Rau was one of those kids who probably reacted quietly to being called “hefty,” and proceeded to make a grim resolve that no one would ever refer to him that way again. His reaction was traditional, and Rau has become an impressively large lad, complete with huge shoulders, stature higher than any other character in the game, and a sword nearly as large as he is strapped to his back. Having trained under his master’s tutelage for years now, Rau’s heart longs for adventure and The Mark of Kri will hand him just that opportunity.
Your quest begins when a group of bandits set up camp in the forest near your home town. The innkeeper complains of decreasing profits, as travelers either arrive penniless or simply don’t arrive at all. As might be expected, Rau sets out immediately to rectify this situation, however, players new to the game may wish to practice a touch in the tutorial first.

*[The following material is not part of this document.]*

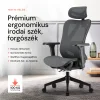 Ergonomikus irodai szék, forgószék, fekete (T15) hálós thumbnail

Whichever mode starts your career, it will soon become clear that The Mark of Kri is an action hybrid in the same manner as Metal Gear Solid 2: Sons of Liberty. Right there, some eyebrows have probably raised, but rest assured that this isn’t a clone of Konami’s seminal release. You’ll spend a much larger period of time fighting than when filling Raiden or Snake’s boots, and there are moments where straight out bloodshed is the only path to take. Barbarians are known for that sort of thing after all.
There are heavy stealth elements and one of the key mechanics at work here centers around Rau’s link with Kuzu, his raven spirit guide. Scattered throughout the environments you’ll explore, Rau can spot certain locations that are ideal perches for Kuzo, and you can send the bird to these high vantage points. The advantage to this lies with their spiritual link, which allows Rau, and thus the player, to see through Kuzo’s eyes. Anyone familiar with the concept of a third-person sneaker, as opposed to a shooter, will appreciate the advantages this presents, especially when you can move Kuzo’s field of view in the same way as Rau’s.